大坂秩加

Osaka Chika

1984 東京都生まれ
Born in Tokyo

2009 東京藝術大学美術学部絵画科油画専攻卒業 サロン・ド・プランタン賞
B.F.A. Tokyo University of the Arts Salon du Printemps Prize

2010 個展「シリアスとまぬけ」 シロタ画廊(東京)
Solo Exhibition,”Serious and bonehead” Shirota Gallery, Tokyo

シェル美術賞展2010 島敦彦審査委員賞 代官山ヒルサイドフォーラム(東京)
Shell art award 2010 Atsuhiko Shima Prize Daikanyama Hillside Forum, Tokyo

2011 東京藝術大学大学院美術研究科修士課程版画専攻修了
M.F.A. Printmaking, Tokyo University of the Arts

個展「良くいえば健気」 GALLERY MoMo Ryogoku(東京)
Solo Exhibition “At Its Best, Valiant” GALLERY MoMo Ryogoku, Tokyo

2012 版の時間/Age of Prints展 女子美術大学アートミュージアム(東京)
Age of Prints Joshibi University of Art and Design Art Museum, Tokyo

シェル美術賞展 アーティストセレクション 国立新美術館(東京)
Shell art award Artist Selection The National Art Center, Tokyo

2013 個展「Sの外的要素たち」 GALLERY MoMo Ryogoku(東京)
Solo Exhibition, “S’s External Elements” GALLERY MoMo Ryogoku, Tokyo

アダチUKIYOE大賞2013 大賞
The Adachi Contemporary UKIYOE Award2013 Grand Prize

2014 VOCA展2014 佳作賞 上野の森美術館(東京)
The Vision of Contemporary Art 2014 Selected Prize The UENO Royal Museum, Tokyo

プリントって何?-境界を超えて- 市原湖畔美術館(千葉)
What is Print? -Beyond the Border- Ichihara Lakeside Museum, Chiba

2015 個展「おおさかるた」 GALLERY MoMo Ryogoku(東京)
Solo Exhibition, “Osakaruta” GALLERY MoMo Ryogoku, Tokyo

個展「ラブレター -いつだって片思い-」 MICHEKO GALERIE (ミュンヘン/ドイツ)
Solo Exhibition, “LOVE LETTER -Always One-way Love-” MICHEKO GALERIE, Munich, Germany

推薦文

推薦者:滝沢恭司(町田市立国際版画美術館学芸員)

文字をタイプしてクリヤファイルにバインドした作品や布にプリントしたインスタレーション作品などが1970年代の日本に登場して、版画はその形式が拡大解釈されるようになった。その後80年代に写真が美術作品として注目されると、「版」や「プリント」という概念で版画と写真を結びつけた作品が制作され、版画はますます拡大解釈されるようになった。また、ほぼ同時期にマキシグラフィカや山口啓介、キャリアのある画家や彫刻家らによって巨大な版画が制作され、版画はタブロー絵画と同等の身体的鑑賞に堪える表現能力を有する形式であることが実証された。こうした版画の形式や概念を押し広げつつ新しい版表現を模索する動きは、その痕跡を目立つかたちで歴史に刻み込んできた。今日でも形式の実験的試みと表現の関係を問う版表現の動向には注視する必要がある。なんといっても、この動向が日本独特の現代版画史の枠組みをつくってきたのだから。
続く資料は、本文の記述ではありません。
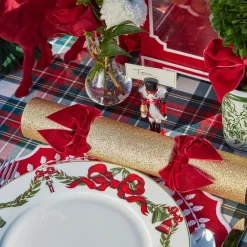 Gold Crackers With Red Velvet Bows (Set of 6)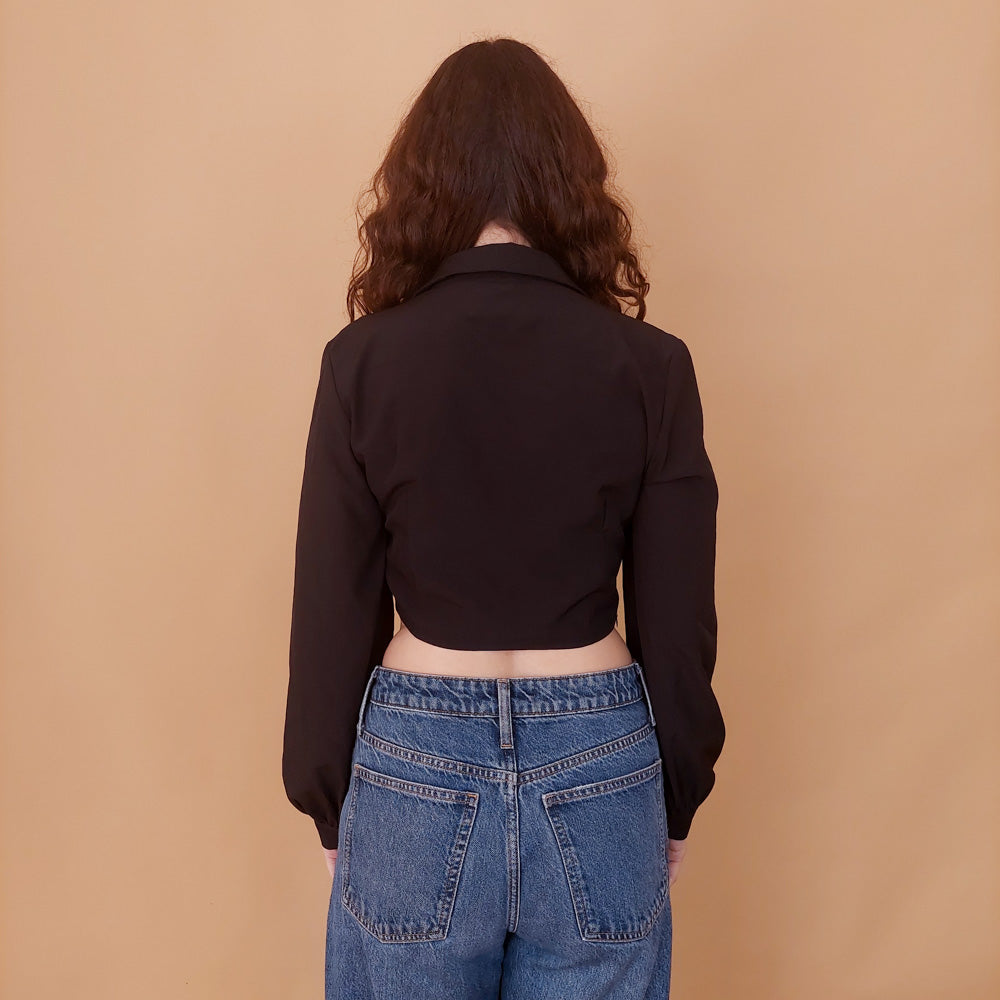 VIN-BLO-34841 Vintage top μαύρο S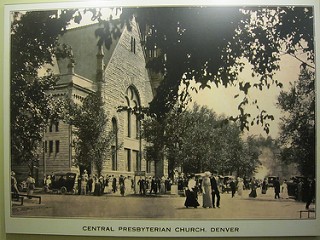 Congregants gather outside Central Presbyterian in this undated vintage image. Photo by Christine Franck. Licensed under Creative Commons.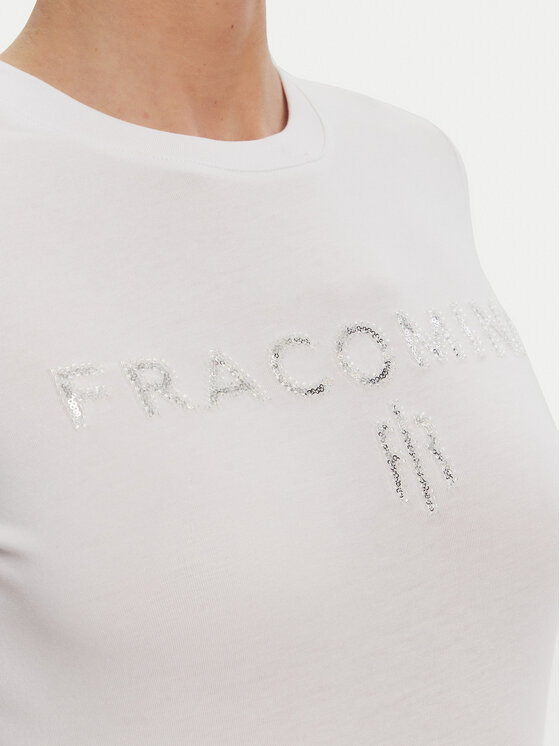 Fracomina Fracomina T-krekls FP25ST3011J449N5 Balts Slim Fit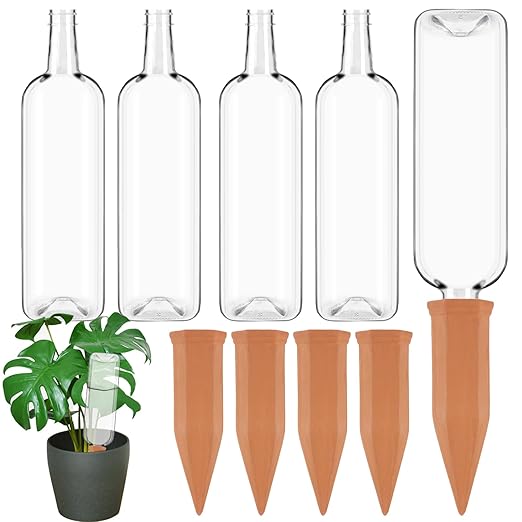 8 Pcs Plant Watering Devices Terracotta Self Watering Plant Spikes and Plastic Bottles, Automatic Terra Cotta Watering Spikes Plant Waterer Slow Release Planter for Indoor Outdoor Home Vacation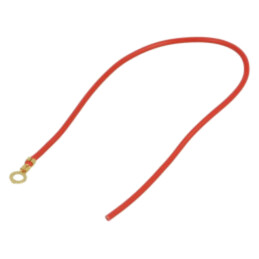 Cable: cable with crimped terminals; red; non-insulated,round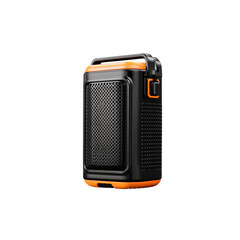 Obraz premium Portable cooler with sleek design, featuring black and orange color scheme, Isolated on white background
リトグラフという版画の正攻法でつくられた大坂秩加の作品を、形式と表現の関係を問う版画の動向という文脈で見ることができるだろうか。作品の制作方法やその内容について考えていくと、そうした観点から見ることも決して無理なことではないように思えてくる。
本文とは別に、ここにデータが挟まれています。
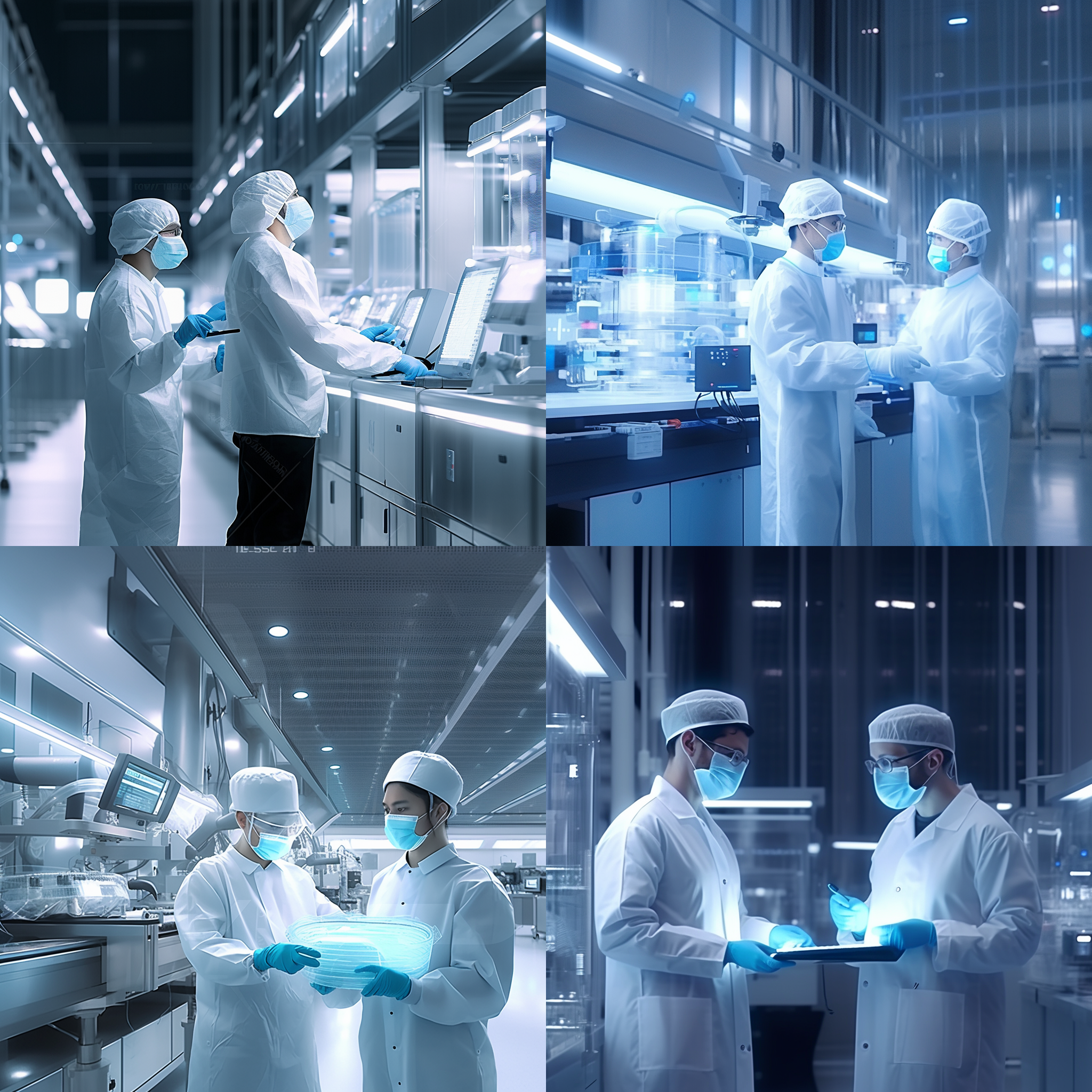 工程师与科学家穿着白色口罩和无菌服装在rna产品制造中工作，动态gif呈现，热爱工作并渴望学习更多知识，真实场景，详细描绘，16k分辨率，制造肖像，医药行业，高级图形，真实主义，明亮灯光，专业服装，白色面具，动态姿势，创新精神。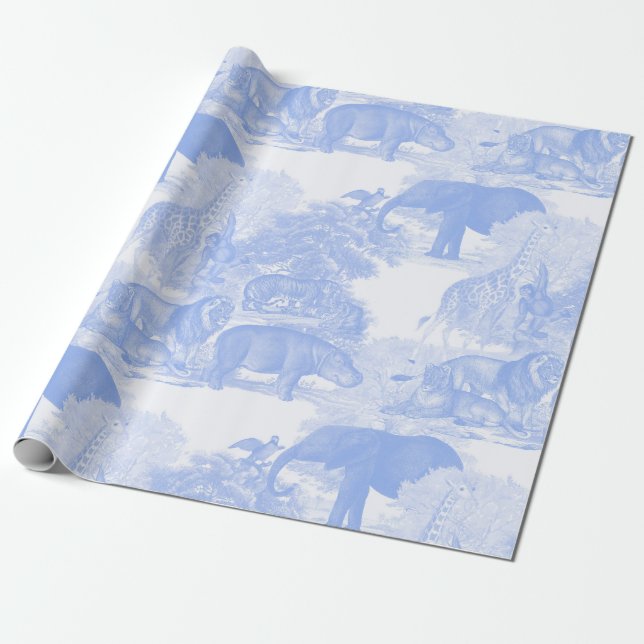 Papel De Presente Blue Toile Selgle Animais Safari Chinoiserie (Desenrolado)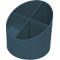 Blue pen holder with four compartments. The edge is beveled.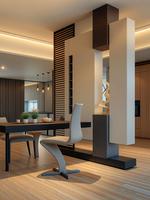 Meuble de séparation flottant sur mesure pour hall d'entrée, style rétro français, avec éclairage LED et isolation phonique, profil mince pour entrée étroite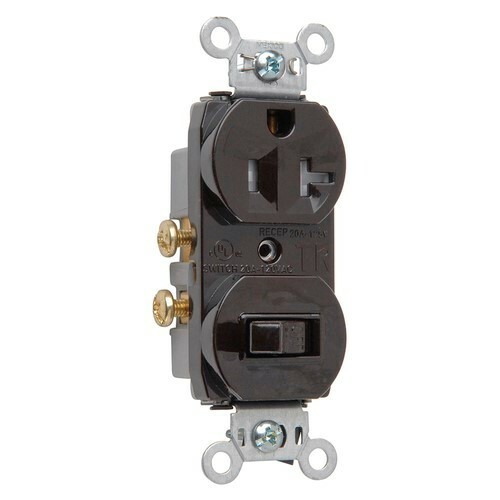 Single Pole Switch, Tamper-Resistant Receptacle, 20 amps 120 volts, Brown.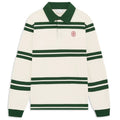 Drôle De Monsieur D Ornament Striped Longsleeve Polo Off White/Groen
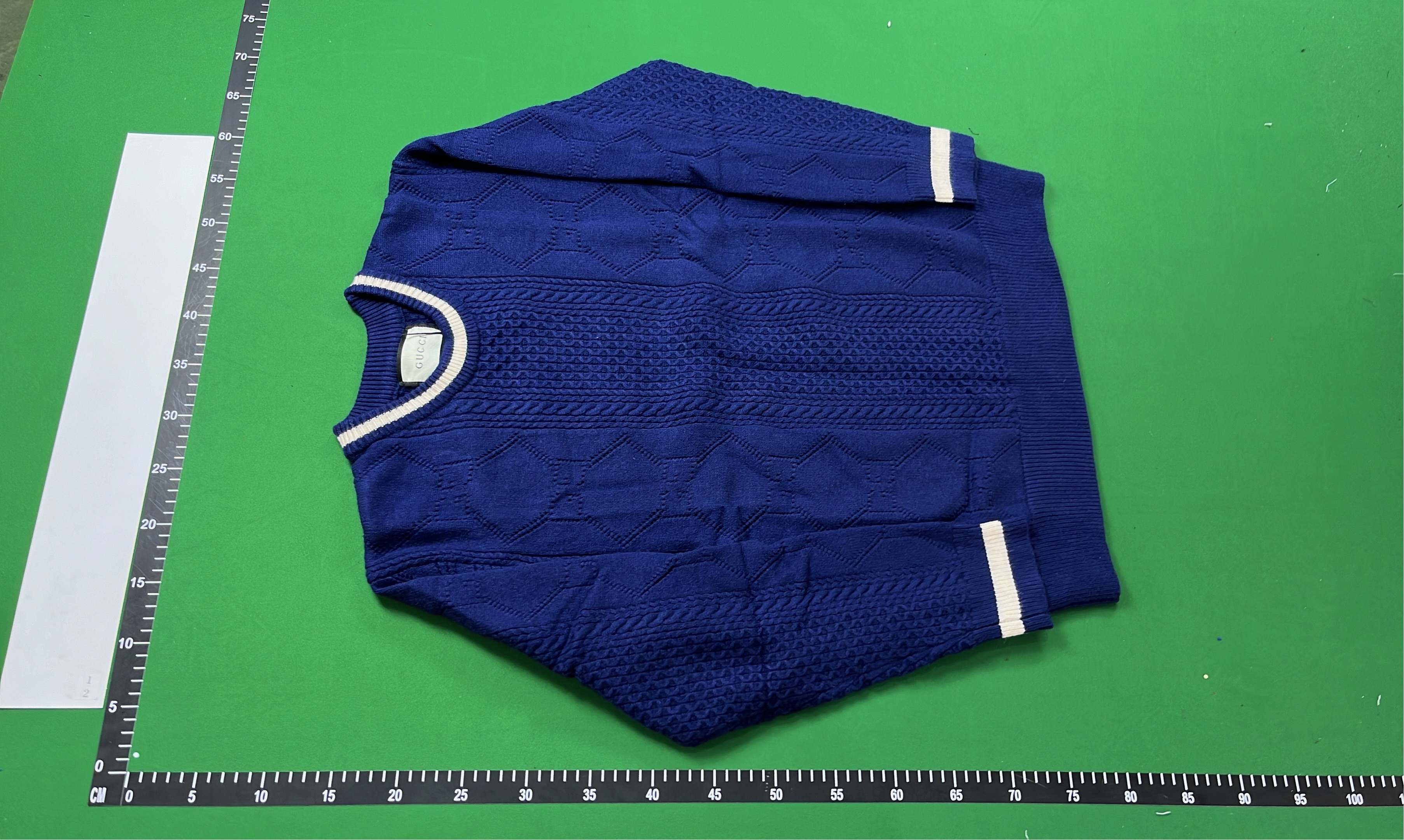 Navy Blue Cable Knit Sweater with White Trim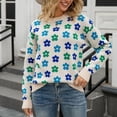 thumbnail image 2 of Bovemsi Womens Sweaters Cozy Autumn New Round Neck Knitted Long Sleeve Sweater Women's Print Warm Comfortable Fit Business Casual Sweaters, 2 of 9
まず形式に関連する彼女の版画の特殊性は、人や風景を絵のモティーフとするように、手帳や便せんに書いた実話に近い架空の物語を版画のモティーフとしていることにある。最近は物語のモデルとなる人物に直接書いてもらったというテキストもシルクスクリーンで刷り、リトグラフで制作した絵といっしょに展示しているという。その内容は脱力系だが、確かにありそうで、まじめな話しだ。その感覚を写した版画も、主人公にとっては切実な「こと」をあまり重くならないようにおかしみを誘いながら伝えている。作品にうかがえるこうした内容は、漫画やアニメ、ゲーム、アイドルなどに浸るオタクの文化とその社会現象とも少なからず結びついていそうだ。モバイルなどによる手軽な情報入手や、軽くてストレートなコミュニケーションが常態化した現代人一般の、社会との距離感が現れているようにも感じられる。

また、自由に作品に描き出されたお話は、物語と分離することを表現に求めたモダニズムの呪縛から解放された、ポスト・モダニズム時代の表現の在りようである。